The guidelines below can help you design a delightful launch experience. For developer guidance, see Responding to the Launch of Your App.

  1. Provide a launch screen.
    The system displays your launch screen the moment your app starts and quickly replaces it with your app’s first screen. The function of a launch screen is to give people the impression that your app is fast and responsive while allowing initial content to load. To ensure a seamless transition from your launch screen, design a plain screen that resembles your first app screen and doesn’t draw attention to itself. For guidance, see Launch Screen.
  2. Launch in the appropriate orientation.
    If your app supports both portrait and landscape modes, it should launch using the device’s current orientation. If your app only runs in one orientation, it should always launch in that orientation and let people rotate the device if necessary. Unless there’s a compelling reason not to, an app in landscape mode should orient itself correctly, regardless of whether the device was rotated left or right. For guidance, see Adaptivity and Layout.
  3. Avoid asking for setup information upfront.
    People expect apps to just work. Design your app for the majority of users and let the few that want a different configuration adjust settings to meet their needs. As much as possible, get setup information from device settings and defaults, or through a synchronization service, such as iCloud. If you must ask for setup information, prompt people to supply it the first time they open the app and let them modify it later in your app’s settings.
  4. Avoid showing in-app licensing agreements and disclaimers.
    Let the App Store display agreements and disclaimers so people can read them before downloading your app. If you must include these items within the app, integrate them in a balanced way that doesn’t disrupt the user experience.
  5. Restore the previous state when your app restarts.

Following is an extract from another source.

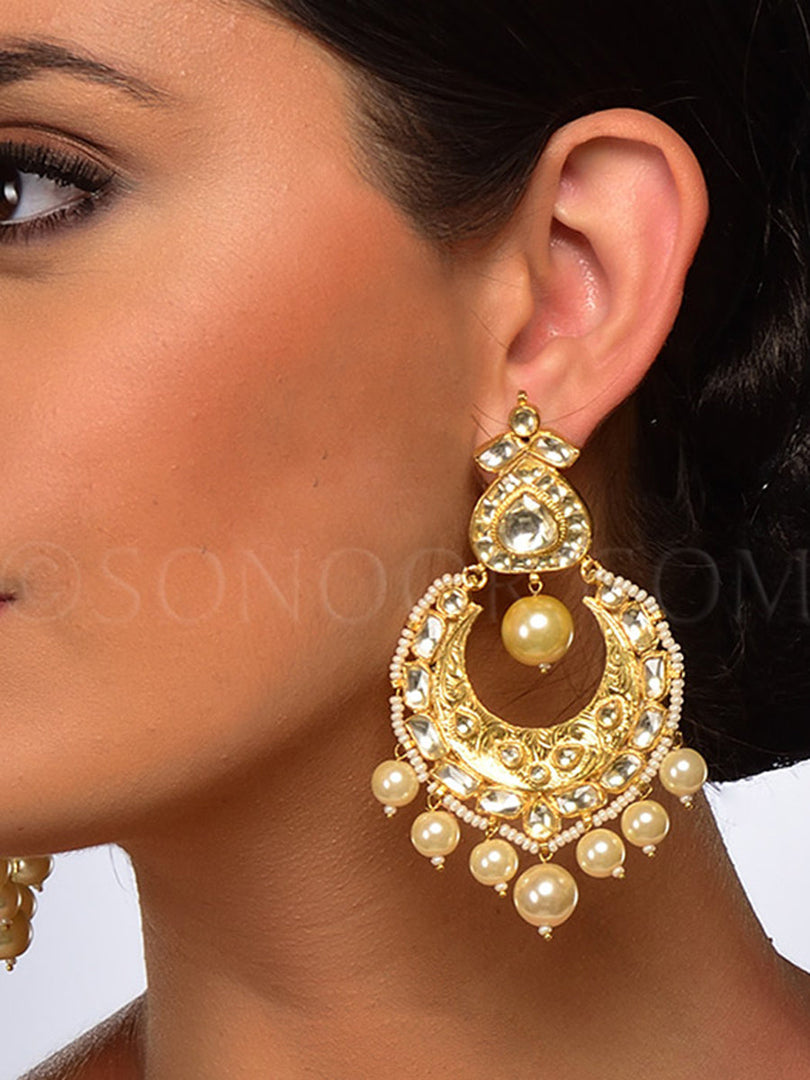 Kundan Pearl Drop Earrings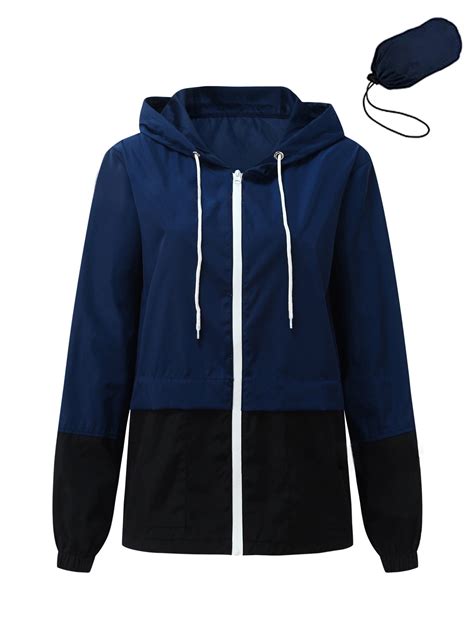 Rosvigor Womens Waterproof Raincoat, Lightweight Hooded Jacket ...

    Don’t make people retrace steps to reach their previous location in your app. Preserve and restore your app’s state so they can continue where they left off.
  6. Don’t encourage rebooting.
    Restarting takes time and makes your app seem unreliable and hard to use. If your app has a memory or other issues that make it difficult to run unless the system has just booted, you need to address those issues.
  7. Avoid asking people to rate your app too quickly or too often.
    Asking for a rating soon after the first launch — or too frequently while people are using your app — is annoying and likely to decrease the amount of useful feedback you receive. To encourage well-considered feedback, give people time to form an opinion about your app before asking for a rating. Always provide a way to opt-out of rating prompts and never force people to rate your app.